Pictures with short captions
=== Begin Enclosure ===

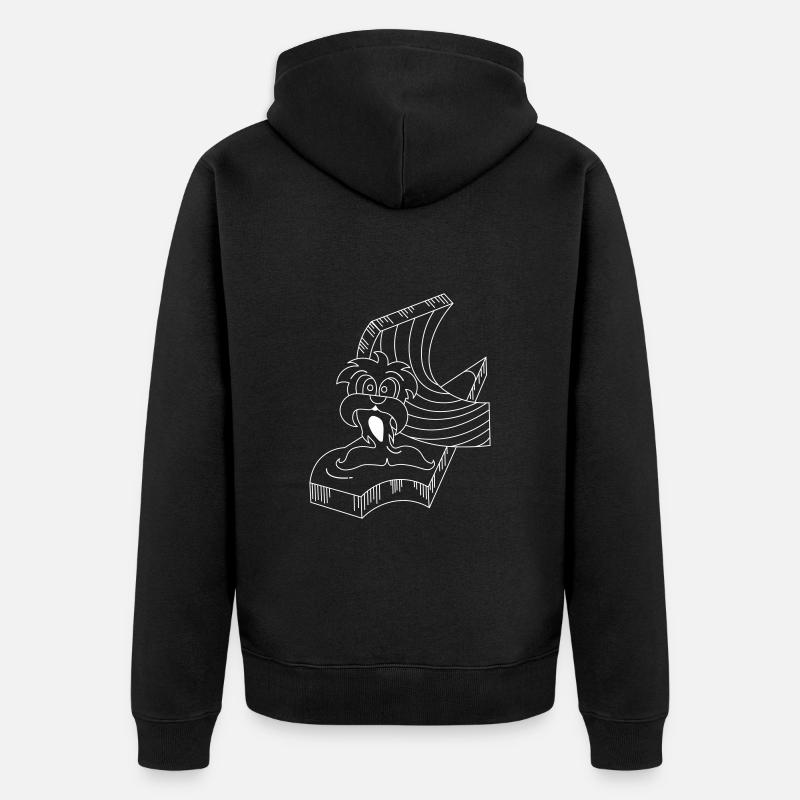 Pinguinmann auf Eisscholle - Unisex Premium Bio Zip Hoodie - Schwarz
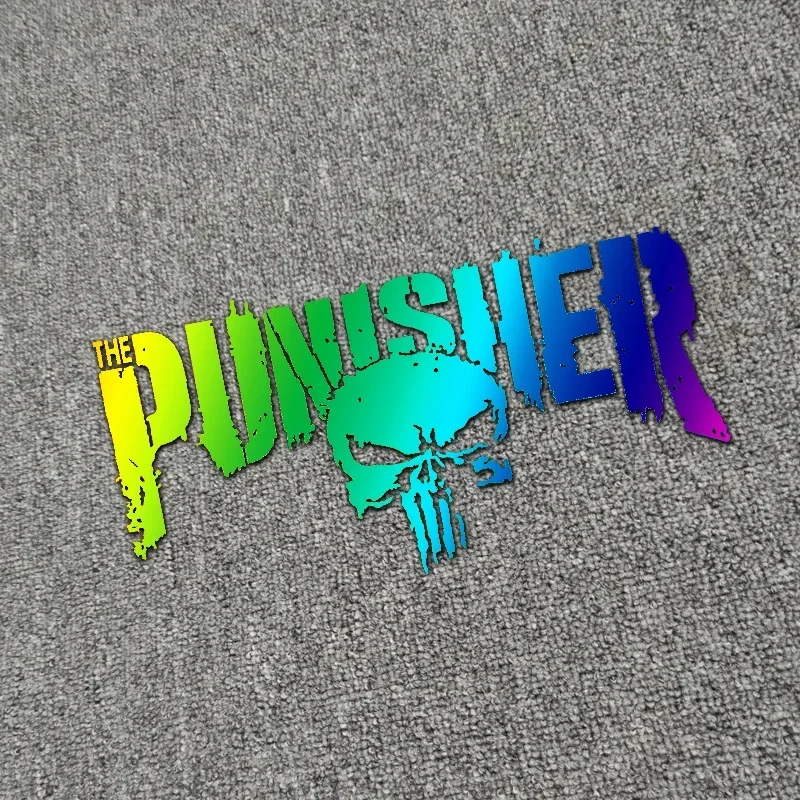 Motorcycle Tank Decals Punisher Reflective Helmet Stickers Decorative Accessories Creative Waterproof PVC Auto Decals image 3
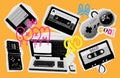 90s Retro electronics in halftone treatment. Collage elements in trendy dotted y2k style. Vector illustration with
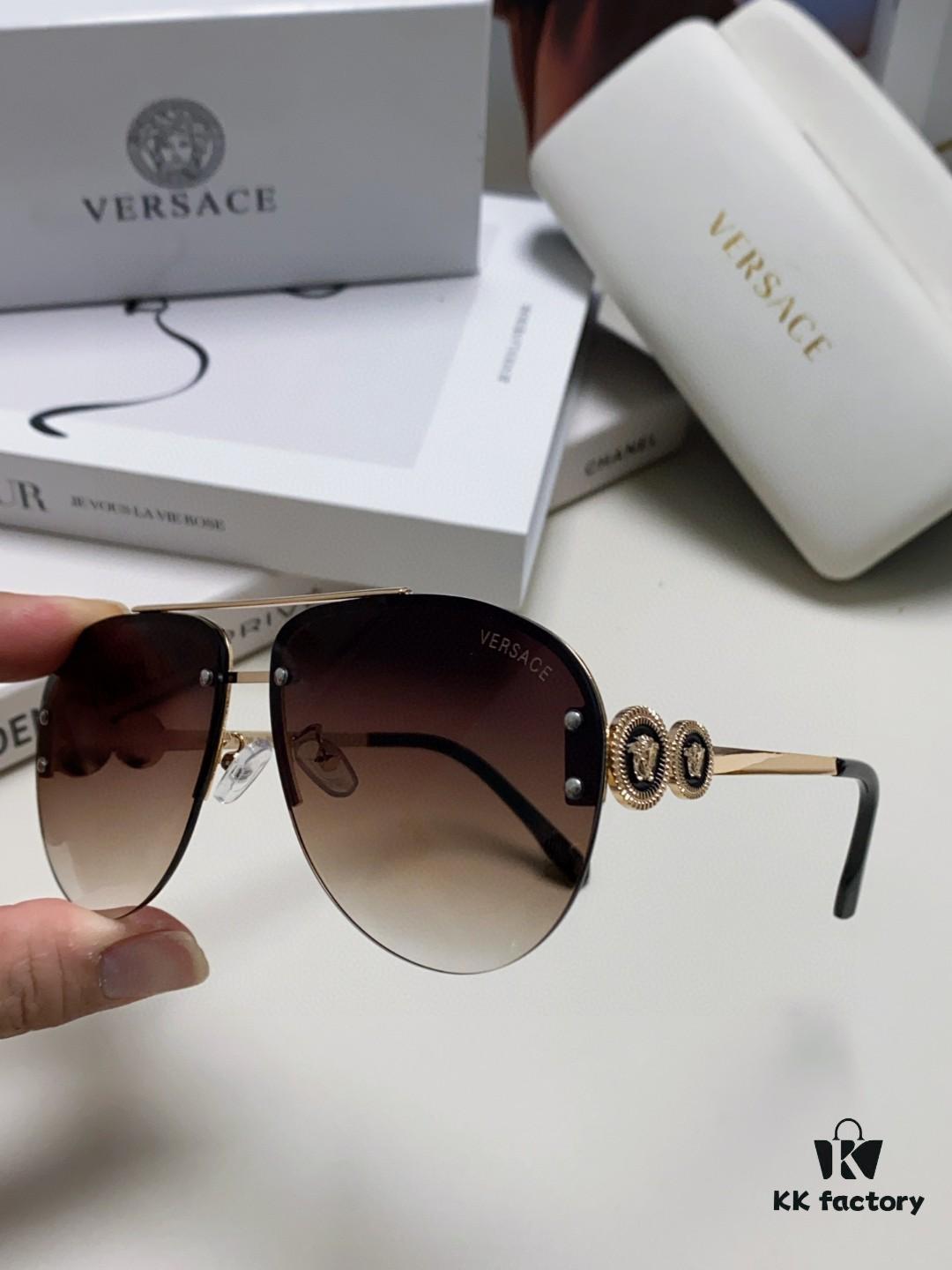 6931f8923a89a121ed549d4b Versace 2025 Luxury Women's Pilot Engraved Sunglasses, European Style Star Same-style Travel Driving Frog Mirror VE2250 Eyewear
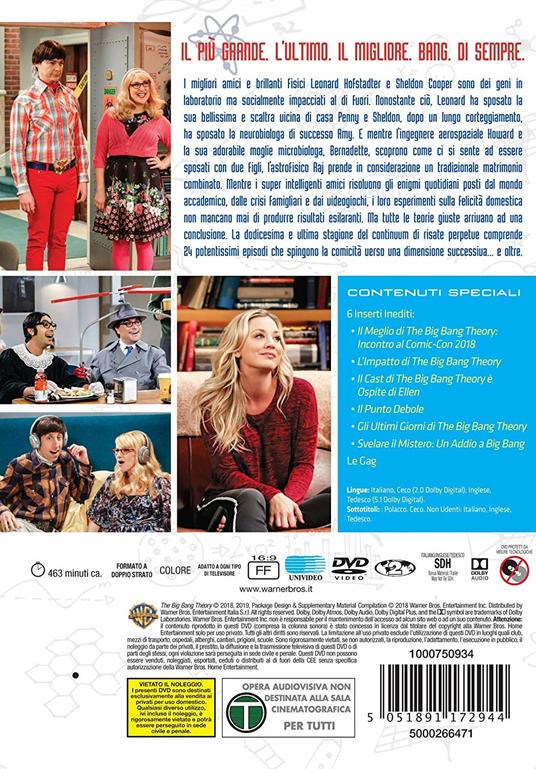 The Big Bang Theory. Stagione 12. Serie TV ita (3 DVD) - DVD - Film di Mark  Cendrowski , Peter Chakos Commedia | IBS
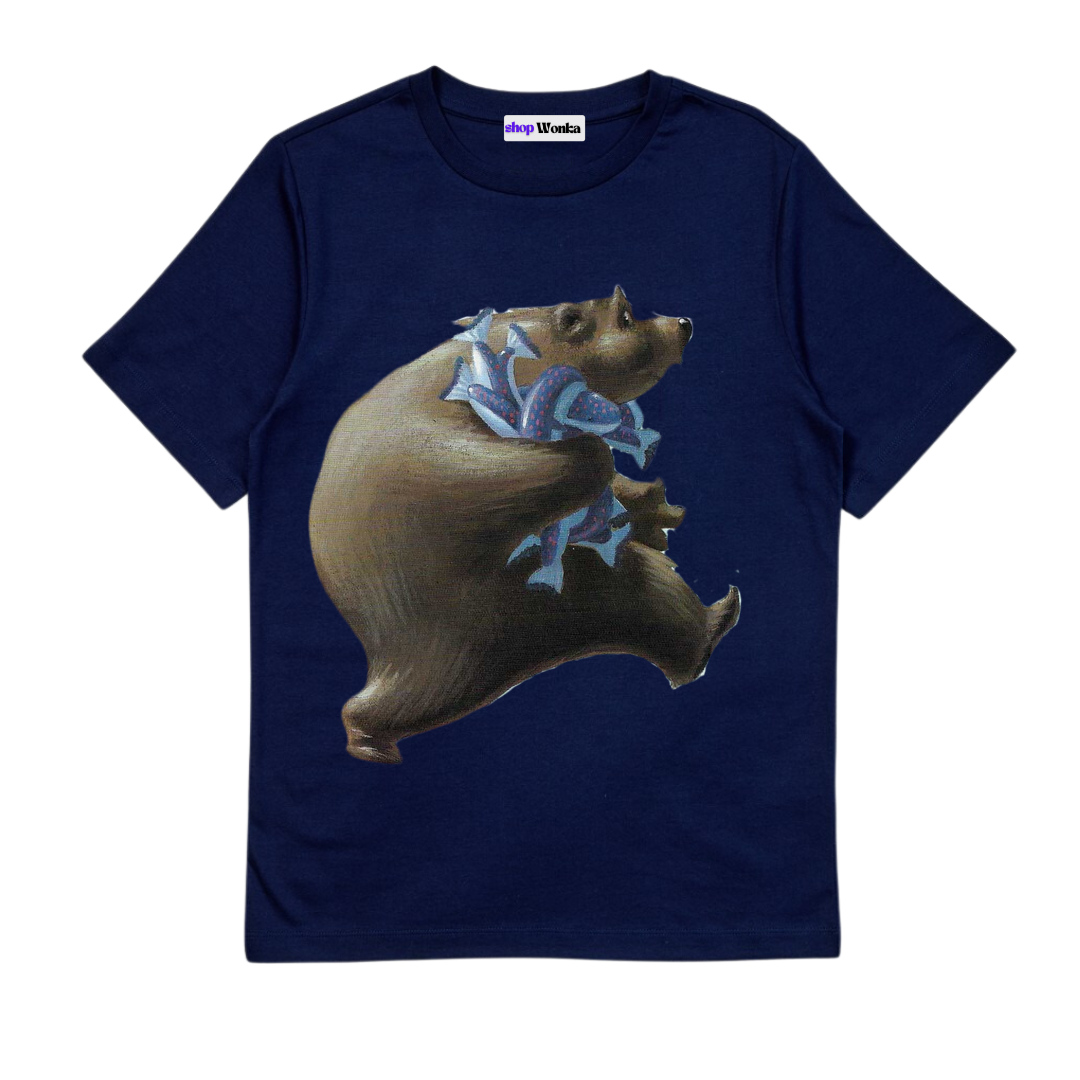 The Very Hungry Bear - Customisable Kids T-shirt (Navy)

=== End Enclosure ===

▶ Aim of the task: Reproduce nothing but the lines that run from the line containing "The Big Bang" through the last line of the records, inclusive. Omit the pictures.

▶ Response:
 The Big Bang Theory. Stagione 12. Serie TV ita (3 DVD) - DVD - Film di Mark  Cendrowski , Peter Chakos Commedia | IBS
 The Very Hungry Bear - Customisable Kids T-shirt (Navy)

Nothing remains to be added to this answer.